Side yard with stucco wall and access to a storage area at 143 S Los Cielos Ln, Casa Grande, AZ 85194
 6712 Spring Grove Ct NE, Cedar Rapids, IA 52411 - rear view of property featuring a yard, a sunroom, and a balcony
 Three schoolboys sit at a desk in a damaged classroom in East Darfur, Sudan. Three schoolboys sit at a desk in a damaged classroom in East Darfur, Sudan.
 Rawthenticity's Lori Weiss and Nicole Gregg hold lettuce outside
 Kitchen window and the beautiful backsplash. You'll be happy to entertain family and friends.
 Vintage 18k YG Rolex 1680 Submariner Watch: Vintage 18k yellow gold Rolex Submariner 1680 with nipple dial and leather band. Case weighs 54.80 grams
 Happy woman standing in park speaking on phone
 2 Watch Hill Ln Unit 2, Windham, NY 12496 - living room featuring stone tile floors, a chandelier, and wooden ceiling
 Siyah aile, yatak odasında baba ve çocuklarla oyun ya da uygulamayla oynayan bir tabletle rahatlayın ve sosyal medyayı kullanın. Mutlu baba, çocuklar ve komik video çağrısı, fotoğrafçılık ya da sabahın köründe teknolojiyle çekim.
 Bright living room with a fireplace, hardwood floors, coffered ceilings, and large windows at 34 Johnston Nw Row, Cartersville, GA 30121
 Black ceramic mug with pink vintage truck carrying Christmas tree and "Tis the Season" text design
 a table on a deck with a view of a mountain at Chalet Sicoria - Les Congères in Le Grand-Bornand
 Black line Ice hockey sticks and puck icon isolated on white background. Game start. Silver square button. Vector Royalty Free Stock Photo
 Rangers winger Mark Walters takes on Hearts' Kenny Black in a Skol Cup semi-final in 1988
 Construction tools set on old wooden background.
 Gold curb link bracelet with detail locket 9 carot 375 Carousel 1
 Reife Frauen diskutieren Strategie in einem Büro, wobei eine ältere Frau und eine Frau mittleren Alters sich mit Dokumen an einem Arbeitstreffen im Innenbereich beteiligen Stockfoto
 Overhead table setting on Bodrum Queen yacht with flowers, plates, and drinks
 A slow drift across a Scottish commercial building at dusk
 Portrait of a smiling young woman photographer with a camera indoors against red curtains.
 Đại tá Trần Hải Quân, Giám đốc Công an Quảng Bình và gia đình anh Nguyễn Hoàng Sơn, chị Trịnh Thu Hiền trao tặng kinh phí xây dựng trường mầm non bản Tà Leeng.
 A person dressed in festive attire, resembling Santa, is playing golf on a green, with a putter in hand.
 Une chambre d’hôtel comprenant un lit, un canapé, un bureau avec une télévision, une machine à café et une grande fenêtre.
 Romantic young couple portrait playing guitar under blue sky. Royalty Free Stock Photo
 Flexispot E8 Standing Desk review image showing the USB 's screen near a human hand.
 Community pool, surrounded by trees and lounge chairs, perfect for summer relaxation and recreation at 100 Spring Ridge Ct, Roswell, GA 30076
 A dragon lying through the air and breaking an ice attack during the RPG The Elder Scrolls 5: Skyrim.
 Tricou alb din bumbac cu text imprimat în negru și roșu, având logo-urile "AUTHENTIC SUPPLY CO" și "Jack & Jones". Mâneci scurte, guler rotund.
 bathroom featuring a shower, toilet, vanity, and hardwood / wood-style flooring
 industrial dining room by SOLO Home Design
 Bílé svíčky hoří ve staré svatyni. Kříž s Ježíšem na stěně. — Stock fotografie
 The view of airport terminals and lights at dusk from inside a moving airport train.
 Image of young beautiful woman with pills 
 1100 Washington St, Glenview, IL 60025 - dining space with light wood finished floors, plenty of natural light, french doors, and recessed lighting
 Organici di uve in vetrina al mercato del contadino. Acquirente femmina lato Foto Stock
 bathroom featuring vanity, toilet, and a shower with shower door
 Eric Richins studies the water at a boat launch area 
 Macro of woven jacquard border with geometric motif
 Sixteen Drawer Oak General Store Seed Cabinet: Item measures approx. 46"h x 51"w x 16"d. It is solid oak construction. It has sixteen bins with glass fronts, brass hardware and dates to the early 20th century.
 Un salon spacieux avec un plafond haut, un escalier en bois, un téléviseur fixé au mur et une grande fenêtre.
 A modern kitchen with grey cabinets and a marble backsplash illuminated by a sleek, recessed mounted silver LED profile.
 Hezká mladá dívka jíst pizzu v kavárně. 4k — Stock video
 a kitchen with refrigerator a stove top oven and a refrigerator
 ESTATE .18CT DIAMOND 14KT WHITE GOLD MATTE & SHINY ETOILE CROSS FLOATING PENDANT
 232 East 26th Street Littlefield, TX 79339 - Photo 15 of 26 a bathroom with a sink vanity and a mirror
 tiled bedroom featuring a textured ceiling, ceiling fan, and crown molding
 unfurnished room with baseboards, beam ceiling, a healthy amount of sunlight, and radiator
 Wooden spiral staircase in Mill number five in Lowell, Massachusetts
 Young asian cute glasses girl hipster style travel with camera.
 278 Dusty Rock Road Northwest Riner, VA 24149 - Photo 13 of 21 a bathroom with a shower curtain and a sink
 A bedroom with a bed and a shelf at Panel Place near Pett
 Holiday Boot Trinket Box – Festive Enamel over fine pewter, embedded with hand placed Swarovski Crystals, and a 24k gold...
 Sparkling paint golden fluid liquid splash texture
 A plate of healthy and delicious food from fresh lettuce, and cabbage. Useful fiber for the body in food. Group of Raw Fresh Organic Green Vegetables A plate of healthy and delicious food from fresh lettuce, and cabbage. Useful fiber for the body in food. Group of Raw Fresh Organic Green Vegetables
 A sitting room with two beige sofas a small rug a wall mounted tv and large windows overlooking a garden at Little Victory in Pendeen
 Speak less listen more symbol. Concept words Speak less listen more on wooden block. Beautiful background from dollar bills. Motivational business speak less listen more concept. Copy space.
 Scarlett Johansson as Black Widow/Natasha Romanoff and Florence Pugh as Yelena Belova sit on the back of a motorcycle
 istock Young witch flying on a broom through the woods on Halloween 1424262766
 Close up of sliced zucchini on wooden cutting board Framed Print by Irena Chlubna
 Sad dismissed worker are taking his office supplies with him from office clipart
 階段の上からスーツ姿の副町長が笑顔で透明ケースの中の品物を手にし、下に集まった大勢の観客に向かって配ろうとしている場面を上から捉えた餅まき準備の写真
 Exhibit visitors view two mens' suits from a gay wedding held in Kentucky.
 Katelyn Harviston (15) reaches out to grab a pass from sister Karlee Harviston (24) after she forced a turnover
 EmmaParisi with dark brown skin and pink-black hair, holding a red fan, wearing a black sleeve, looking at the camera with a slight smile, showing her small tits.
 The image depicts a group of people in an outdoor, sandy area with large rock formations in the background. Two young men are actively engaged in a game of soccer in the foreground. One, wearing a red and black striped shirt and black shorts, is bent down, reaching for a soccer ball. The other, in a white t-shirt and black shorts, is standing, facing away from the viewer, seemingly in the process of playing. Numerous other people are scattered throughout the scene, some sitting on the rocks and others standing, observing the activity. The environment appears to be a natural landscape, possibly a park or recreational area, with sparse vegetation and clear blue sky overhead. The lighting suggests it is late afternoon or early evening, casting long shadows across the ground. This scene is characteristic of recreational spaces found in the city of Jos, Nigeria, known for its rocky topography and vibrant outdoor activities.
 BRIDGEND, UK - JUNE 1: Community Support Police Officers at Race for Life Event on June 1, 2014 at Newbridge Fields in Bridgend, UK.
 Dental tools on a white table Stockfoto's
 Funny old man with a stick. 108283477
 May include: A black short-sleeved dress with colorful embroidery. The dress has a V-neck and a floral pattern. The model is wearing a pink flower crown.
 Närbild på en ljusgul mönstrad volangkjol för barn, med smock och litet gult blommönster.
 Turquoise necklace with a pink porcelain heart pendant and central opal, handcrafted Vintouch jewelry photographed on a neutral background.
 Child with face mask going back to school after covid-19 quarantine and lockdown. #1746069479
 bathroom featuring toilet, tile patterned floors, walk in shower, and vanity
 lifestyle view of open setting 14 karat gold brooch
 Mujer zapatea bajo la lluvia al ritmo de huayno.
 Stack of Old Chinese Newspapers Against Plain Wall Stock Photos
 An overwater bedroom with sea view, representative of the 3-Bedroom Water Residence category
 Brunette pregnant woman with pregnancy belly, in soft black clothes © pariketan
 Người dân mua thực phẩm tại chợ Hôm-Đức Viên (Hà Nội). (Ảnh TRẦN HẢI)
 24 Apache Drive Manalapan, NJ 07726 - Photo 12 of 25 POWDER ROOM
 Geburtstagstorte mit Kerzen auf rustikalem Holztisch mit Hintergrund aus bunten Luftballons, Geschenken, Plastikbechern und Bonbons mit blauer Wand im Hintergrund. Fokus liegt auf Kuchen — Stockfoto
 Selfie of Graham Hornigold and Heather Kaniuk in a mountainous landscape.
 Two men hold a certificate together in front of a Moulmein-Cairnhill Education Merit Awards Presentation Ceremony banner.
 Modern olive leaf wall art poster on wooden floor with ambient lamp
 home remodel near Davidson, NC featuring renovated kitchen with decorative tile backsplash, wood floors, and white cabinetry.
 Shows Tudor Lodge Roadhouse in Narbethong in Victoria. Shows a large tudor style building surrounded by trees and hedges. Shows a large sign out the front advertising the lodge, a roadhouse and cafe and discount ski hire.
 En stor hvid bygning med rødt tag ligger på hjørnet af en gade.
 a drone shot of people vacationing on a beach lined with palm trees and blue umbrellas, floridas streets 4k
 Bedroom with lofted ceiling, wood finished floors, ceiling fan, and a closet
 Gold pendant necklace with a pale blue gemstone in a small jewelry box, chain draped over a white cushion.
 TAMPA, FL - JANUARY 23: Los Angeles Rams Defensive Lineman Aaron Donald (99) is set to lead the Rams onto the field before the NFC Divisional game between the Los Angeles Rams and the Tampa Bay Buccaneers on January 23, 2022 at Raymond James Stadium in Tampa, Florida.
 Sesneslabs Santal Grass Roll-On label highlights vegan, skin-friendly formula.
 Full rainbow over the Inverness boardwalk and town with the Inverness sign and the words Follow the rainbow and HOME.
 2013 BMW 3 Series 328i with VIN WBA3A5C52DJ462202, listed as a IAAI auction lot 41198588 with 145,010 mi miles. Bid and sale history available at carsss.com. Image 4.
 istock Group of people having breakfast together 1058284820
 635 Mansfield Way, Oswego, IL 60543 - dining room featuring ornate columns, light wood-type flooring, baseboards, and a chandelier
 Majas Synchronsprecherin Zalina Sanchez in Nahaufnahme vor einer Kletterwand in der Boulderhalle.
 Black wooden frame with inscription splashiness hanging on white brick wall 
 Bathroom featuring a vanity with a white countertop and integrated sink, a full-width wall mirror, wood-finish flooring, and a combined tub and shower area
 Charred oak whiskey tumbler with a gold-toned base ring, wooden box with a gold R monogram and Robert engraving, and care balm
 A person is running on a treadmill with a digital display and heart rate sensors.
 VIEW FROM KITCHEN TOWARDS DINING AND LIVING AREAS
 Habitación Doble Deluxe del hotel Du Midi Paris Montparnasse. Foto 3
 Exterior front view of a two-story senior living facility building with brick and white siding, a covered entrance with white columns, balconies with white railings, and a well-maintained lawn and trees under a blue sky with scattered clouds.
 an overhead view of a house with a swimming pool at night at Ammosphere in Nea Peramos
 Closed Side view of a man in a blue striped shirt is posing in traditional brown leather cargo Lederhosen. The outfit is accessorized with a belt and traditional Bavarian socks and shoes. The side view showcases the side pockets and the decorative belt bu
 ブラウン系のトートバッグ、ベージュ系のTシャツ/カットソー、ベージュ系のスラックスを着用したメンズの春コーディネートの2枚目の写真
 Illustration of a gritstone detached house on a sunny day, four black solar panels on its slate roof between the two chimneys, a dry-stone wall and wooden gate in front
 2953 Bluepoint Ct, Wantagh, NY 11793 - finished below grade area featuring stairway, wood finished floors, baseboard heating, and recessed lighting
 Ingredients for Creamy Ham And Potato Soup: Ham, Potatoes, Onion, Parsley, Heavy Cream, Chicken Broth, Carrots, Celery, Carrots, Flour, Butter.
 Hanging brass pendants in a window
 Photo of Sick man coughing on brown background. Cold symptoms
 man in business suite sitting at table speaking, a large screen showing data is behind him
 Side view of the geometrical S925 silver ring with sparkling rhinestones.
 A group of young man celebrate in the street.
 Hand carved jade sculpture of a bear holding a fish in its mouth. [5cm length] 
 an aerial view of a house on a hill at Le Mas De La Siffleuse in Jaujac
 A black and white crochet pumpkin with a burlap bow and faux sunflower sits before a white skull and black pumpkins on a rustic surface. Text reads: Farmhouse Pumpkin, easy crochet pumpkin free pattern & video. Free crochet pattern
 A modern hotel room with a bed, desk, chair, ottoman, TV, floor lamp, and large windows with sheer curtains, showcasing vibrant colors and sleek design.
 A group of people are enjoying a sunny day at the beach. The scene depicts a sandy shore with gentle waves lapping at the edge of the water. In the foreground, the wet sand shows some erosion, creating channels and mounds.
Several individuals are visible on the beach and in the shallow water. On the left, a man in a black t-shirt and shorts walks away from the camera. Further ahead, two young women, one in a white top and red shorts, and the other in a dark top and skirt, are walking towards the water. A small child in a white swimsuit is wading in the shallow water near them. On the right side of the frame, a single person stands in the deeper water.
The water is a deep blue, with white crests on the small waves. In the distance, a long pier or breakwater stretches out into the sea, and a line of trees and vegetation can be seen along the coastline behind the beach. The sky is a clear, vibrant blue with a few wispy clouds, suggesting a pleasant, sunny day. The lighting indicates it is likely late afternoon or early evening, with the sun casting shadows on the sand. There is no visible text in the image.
· · · ·
**Your instructions**
Extract the lines of the preceding material that run from the line with "Darfur, Sudan. Three" through the line with "2 Watch Hill", inclusive, reproducing them exactly and adding nothing.

**Solution to the exercise**
 Three schoolboys sit at a desk in a damaged classroom in East Darfur, Sudan. Three schoolboys sit at a desk in a damaged classroom in East Darfur, Sudan.
 Rawthenticity's Lori Weiss and Nicole Gregg hold lettuce outside
 Kitchen window and the beautiful backsplash. You'll be happy to entertain family and friends.
 Vintage 18k YG Rolex 1680 Submariner Watch: Vintage 18k yellow gold Rolex Submariner 1680 with nipple dial and leather band. Case weighs 54.80 grams
 Happy woman standing in park speaking on phone
 2 Watch Hill Ln Unit 2, Windham, NY 12496 - living room featuring stone tile floors, a chandelier, and wooden ceiling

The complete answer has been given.